Python 3 script that cuts out all unnecessary and optimizes styles in FODS documents to make it much easier to solve conflicts of merging in version control systems.
Tested with LibreOffice Calc 24.2.0.
Launch it in the directory that contains .fods
documents.
-
Deduplication, sorting, and stable names of styles (based on their hash).
-
Cuts out all styles except the color of cells text and the color of cells background.
-
Preserves frozen columns.
-
Reduces documents size by ~60%.
-
At the moment, it doesn't accept any arguments, and minimizes all the
.fods
documents that will be found in its working directory. -
Minimization rules have been found experimentally, so, make sure that after the minimization, your documents don't lose any useful information.
-
Thanks to the FODS format, you can also use global formulas for entire columns. For example, in Libreoffice Calc, they can be added through menu
Format > Conditional > Manage... > Add > Formula is
:- To check all the values of the column
A1
for uniqueness:
COUNTIF($A$1:$A$1000, A1) > 1
- To check that all the values of the column
A1
contain only allowed characters:
LEN(REGEX(A1, "[0-9a-zA-Z]+", "")) > 0
So, such formulas will be also preserved.
- To check all the values of the column
Spreadsheets (electronic tables) are well suited for, for example, organizing a dictionary of localization of the application. The localization dictionary, inherently, is a text tabular document that is useful to store in versions control systems. But, depending on the chosen format of the document, there may be no certain possibilities, or problems arise when solving conflicts of merging.

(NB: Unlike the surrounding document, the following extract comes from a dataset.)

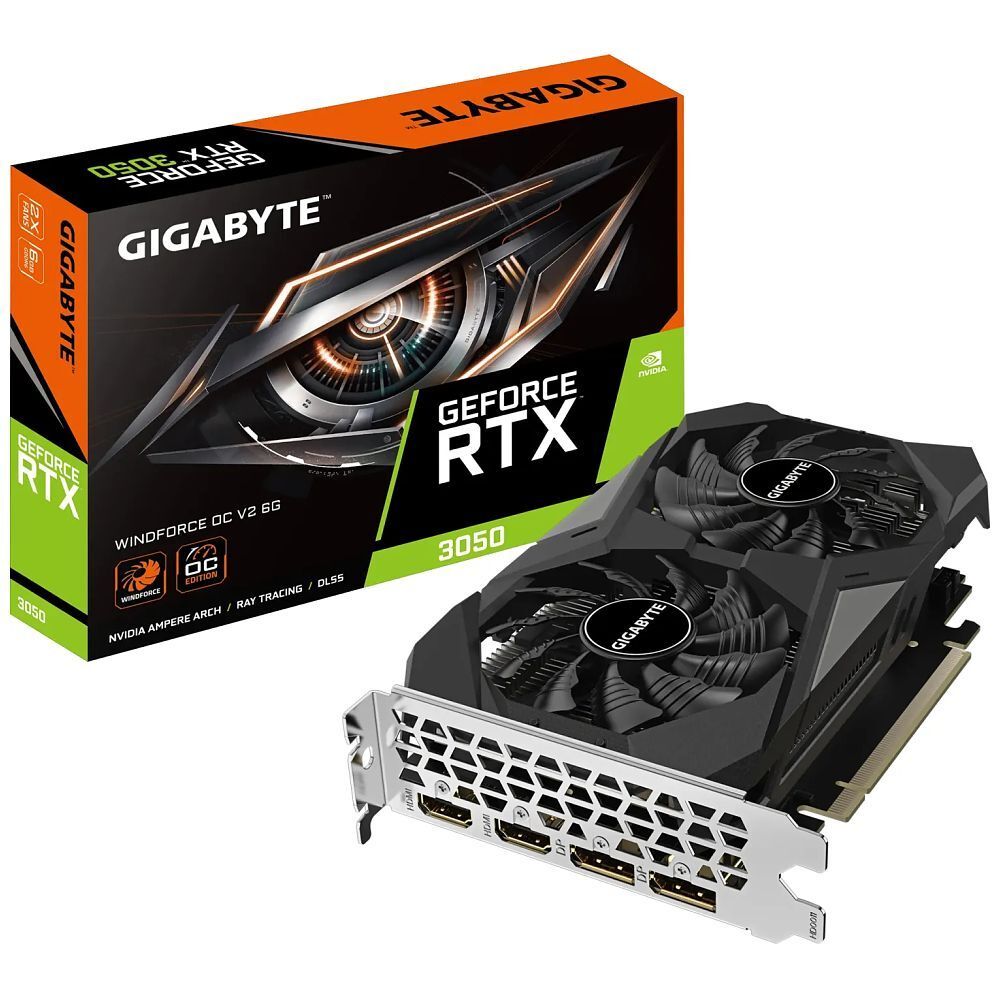 GIGABYTE GeForce RTX 3050 WINDFORCE OC V2 6G NVIDIA 6 Go GDDR6 Neuf - vue 4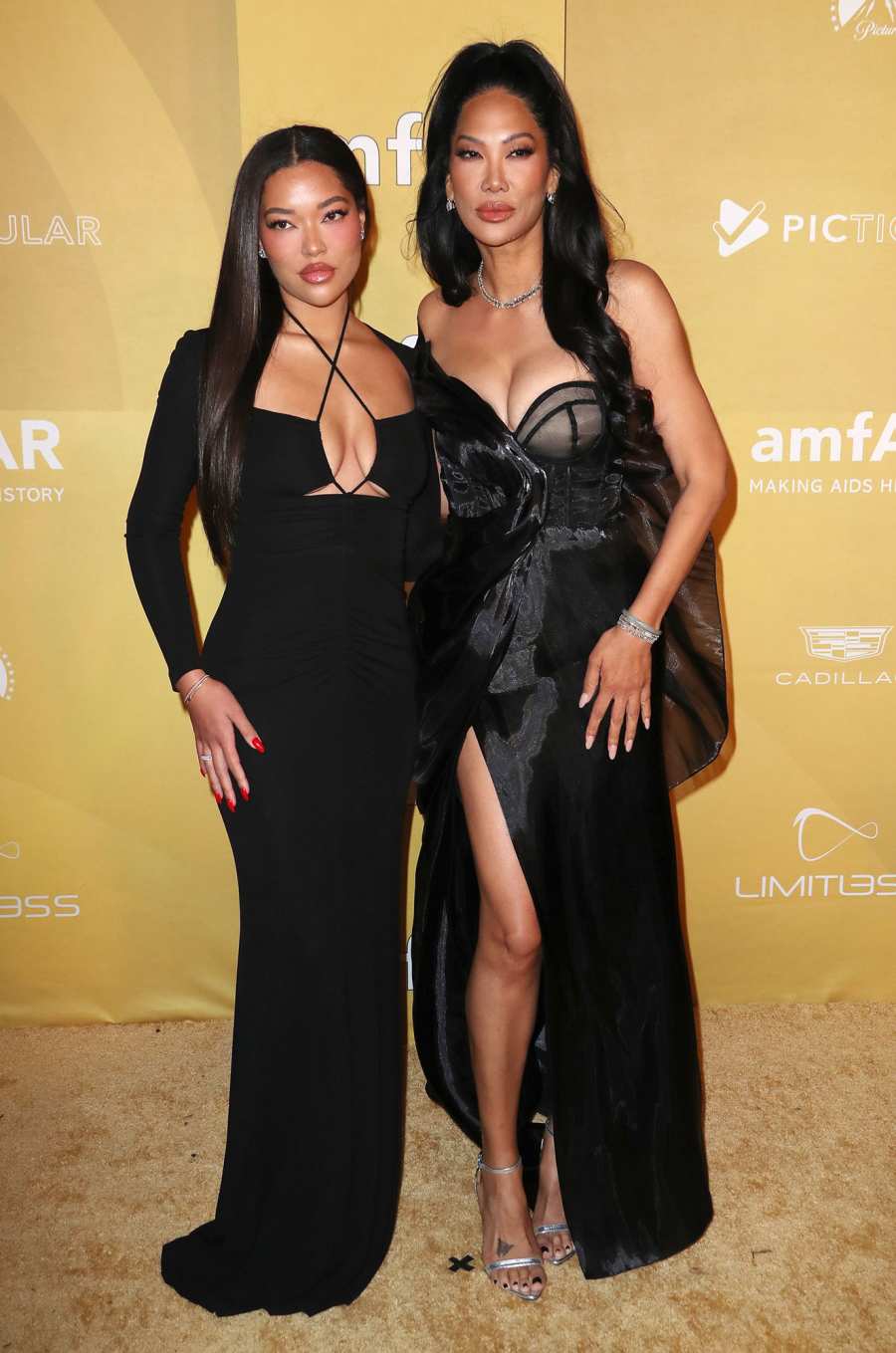 Kimora Lee and Ming Lee Simmons amfAR Gala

Let's look at the available Spreadsheets formats, without counting of formats with a special macros support:
format | type | formulas | stylization | additional |
---|---|---|---|---|
FODS | text | yes | yes | Contains a lot of excess meta-information |
HTML | text | no | yes | If the document contains several tables, LibreOffice Calc doesn't want to open it |
CSV | text | no | no | The easiest parsing format |
SLK | text | no | no | |
ODS | binary | yes | yes | |
XLSX | binary | yes | yes | |
XLS | binary | yes | yes | The most difficult parsing format |
Therefore, the only universal format suitable for the posed requirements is FODS. It allows you to store the text, and the stylization of the text, and the formulas, in a text format based on XML.
But, unfortunately, its implementation in Libreoffice Calc contains a number of flaws:
- Deduplication of styles is not performed, that is, for different cells with one color, individual styles can exist. It increases the size of the document.
- The maintenance of stable names of styles is not carried out, as a result of which, the renaming of styles from the simple resaving of the document may occur. It increases the number of changes in the document.
- Automatic removal of unnecessary meta-information, which has default values, is not performed. It increases the size of the document.
Conclusion: In order to get a minimum size document, with looking at the specifics of use of Spreadsheets for, for example, localization dictionaries, it is much easier to write a similar script, rather than wasting time to improving of LibreOffice Calc in the form of adding lots of options.